Could you provide an estimated timeframe for when I might expect a follow-up response or solution to this concern?
As we need higher fps on RGB camera, our team is considering purchasing OAK-D Pro PoE OV9782
for the project. However, our decision heavily depends on the resolution of this NETWORK bootloader mode CPU consumption issue.
Can you confirm whether this problem will be addressed, and if so, by when? This information is crucial for my purchase decision.
Thank you in advance.
@jakaskerl
It's sad to hear that there's no clear timeline for resolving this issue.
However, USB device is not our primary choice for this application. Our use case is expected to be outdoors, where the distance between the camera and the host computer is likely to exceed 5 meters, and possibly be much further.
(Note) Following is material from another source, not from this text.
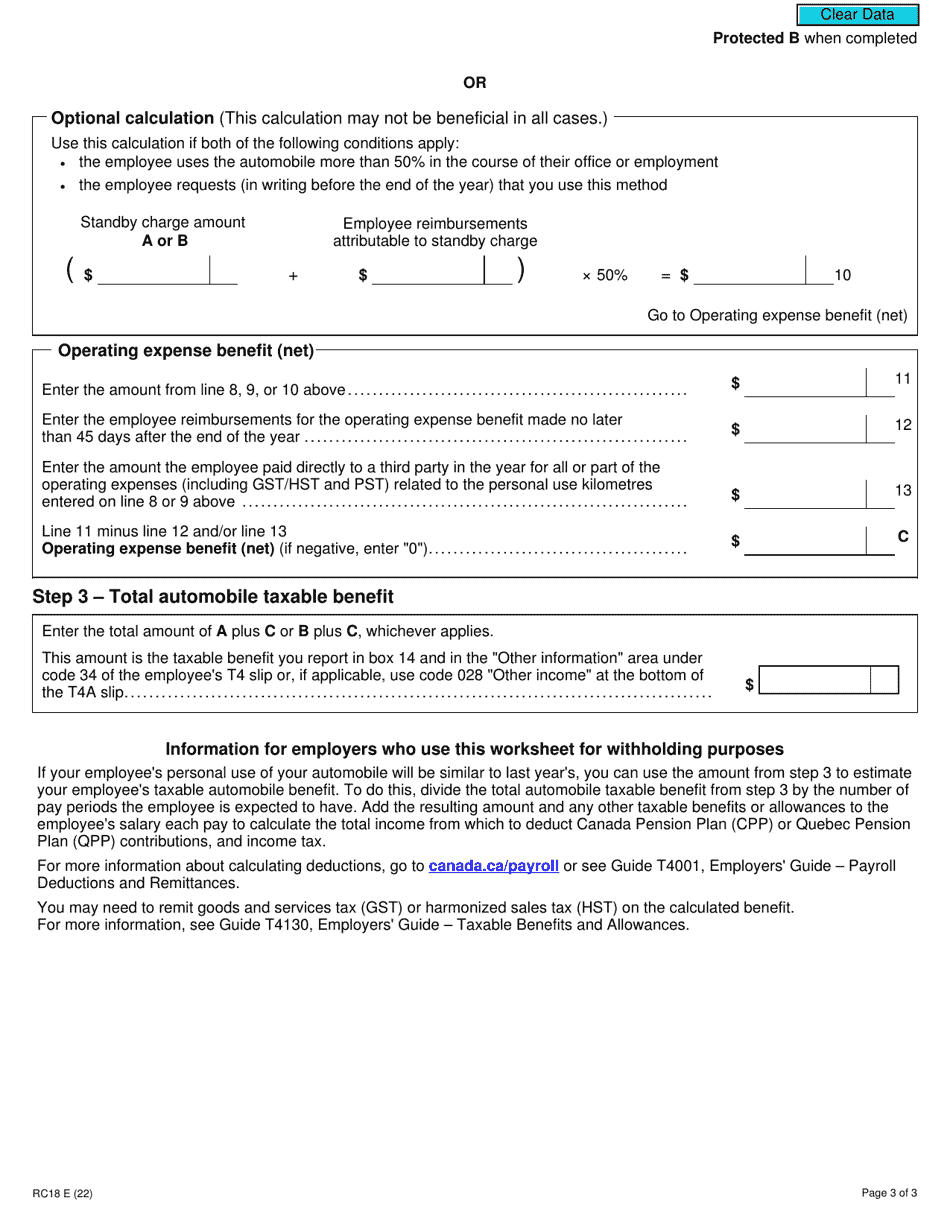 Form RC18 Calculating Automobile Benefits - Canada, Page 3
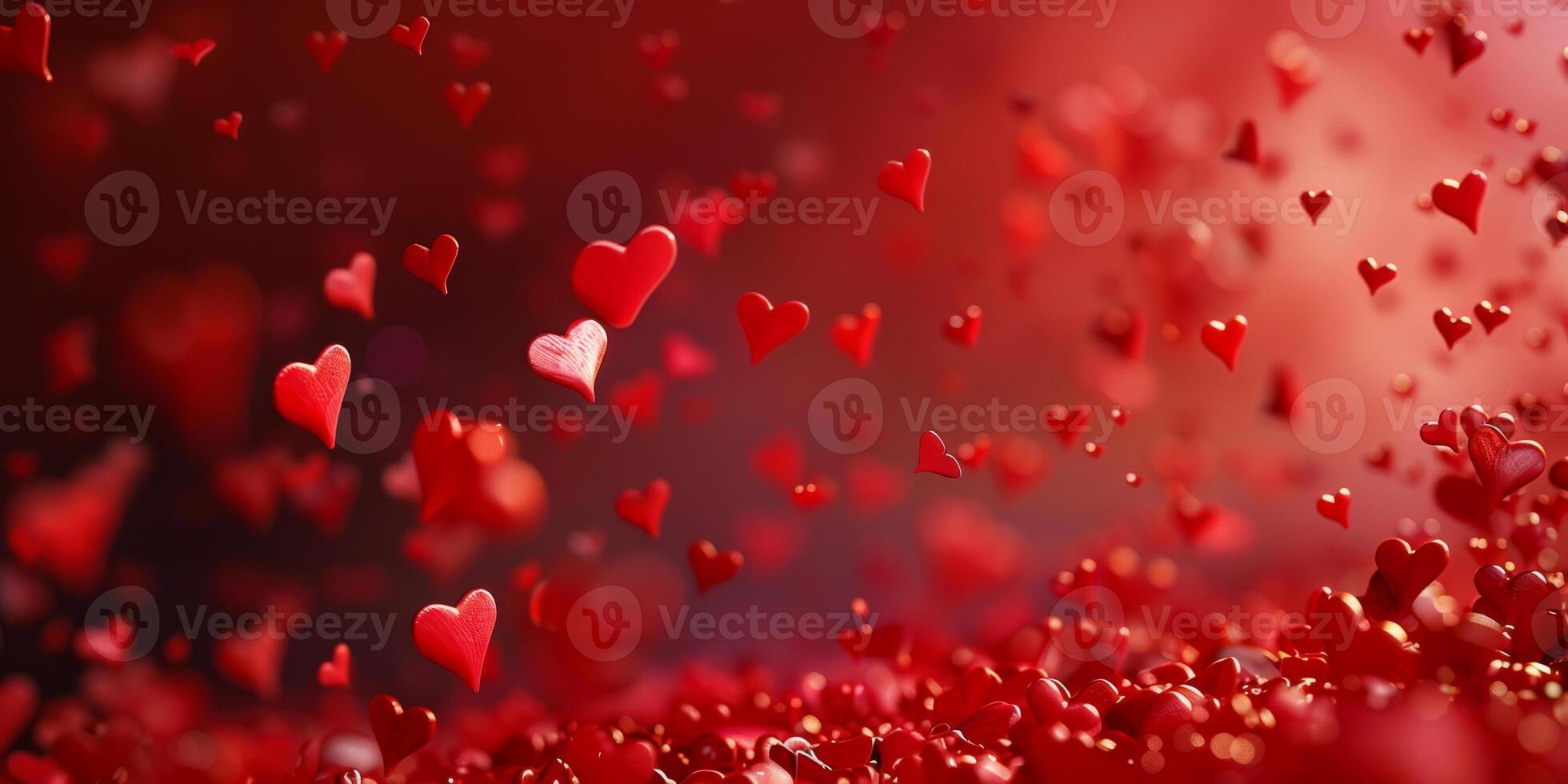 A red background with many red hearts scattered throughout photo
Given these circumstances, PoE devices remain our preferred option. The extended range and single-cable solution for both power and data make PoE cameras much more suitable for our outdoor deployment needs.
@jakaskerl
Thank you for providing the information. After checking, unfortunately the CM4 PoE device does not meet our requirements as we need a global shutter to avoid the jello effect that can occur during high-speed photography.